__TASK DATA__
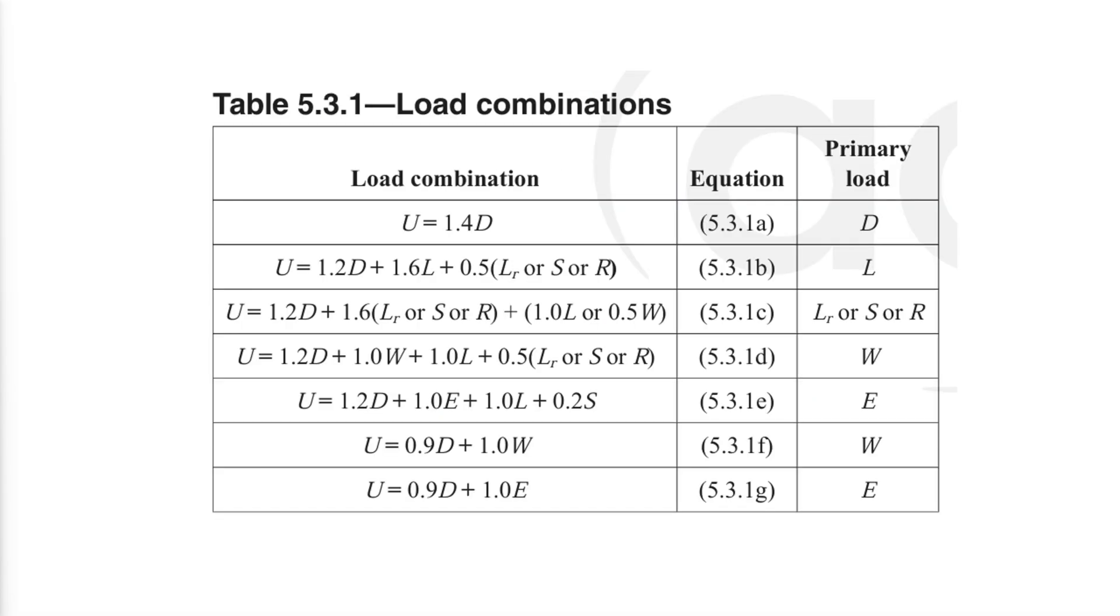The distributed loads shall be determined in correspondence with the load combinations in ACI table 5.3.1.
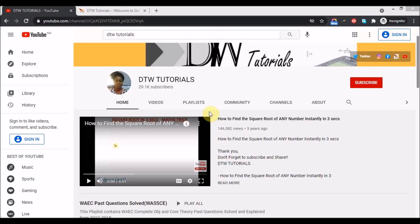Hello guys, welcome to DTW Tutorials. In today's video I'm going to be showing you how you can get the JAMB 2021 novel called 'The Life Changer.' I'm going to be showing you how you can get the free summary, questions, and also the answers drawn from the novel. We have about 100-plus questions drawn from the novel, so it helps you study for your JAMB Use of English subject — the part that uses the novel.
==
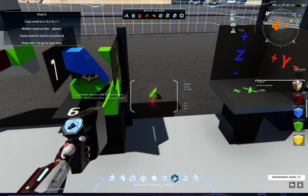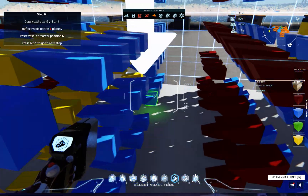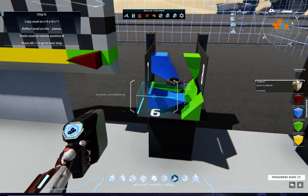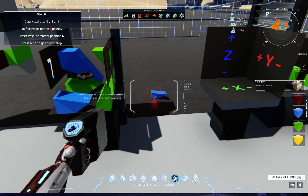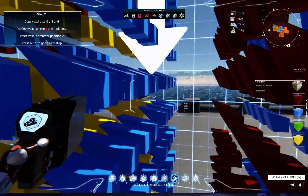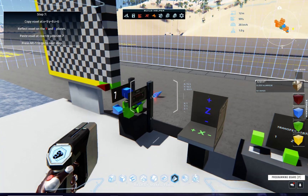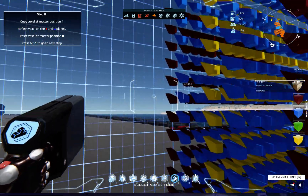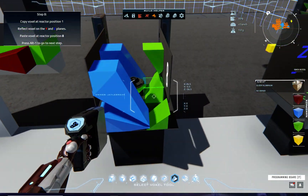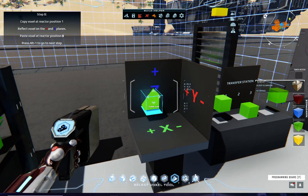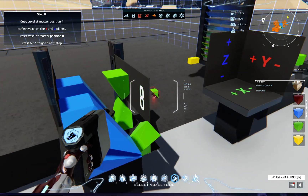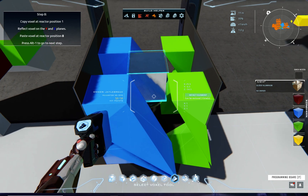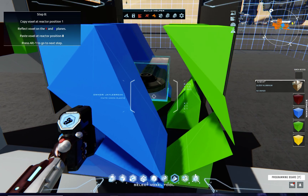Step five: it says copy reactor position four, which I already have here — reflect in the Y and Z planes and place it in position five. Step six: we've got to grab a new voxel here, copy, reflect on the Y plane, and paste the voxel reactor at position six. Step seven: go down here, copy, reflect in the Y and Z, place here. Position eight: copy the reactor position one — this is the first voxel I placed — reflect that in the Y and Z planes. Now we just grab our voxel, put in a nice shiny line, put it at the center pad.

__REQUIRED ACTION__
Reproduce word for word, with pictures dropped, only the part of the material above that opens with the line containing "The distributed loads" and closes with the line containing "Hello guys, welcome".

__ANSWER TO THIS PROBLEM__
The distributed loads shall be determined in correspondence with the load combinations in ACI table 5.3.1.
Hello guys, welcome to DTW Tutorials. In today's video I'm going to be showing you how you can get the JAMB 2021 novel called 'The Life Changer.' I'm going to be showing you how you can get the free summary, questions, and also the answers drawn from the novel. We have about 100-plus questions drawn from the novel, so it helps you study for your JAMB Use of English subject — the part that uses the novel.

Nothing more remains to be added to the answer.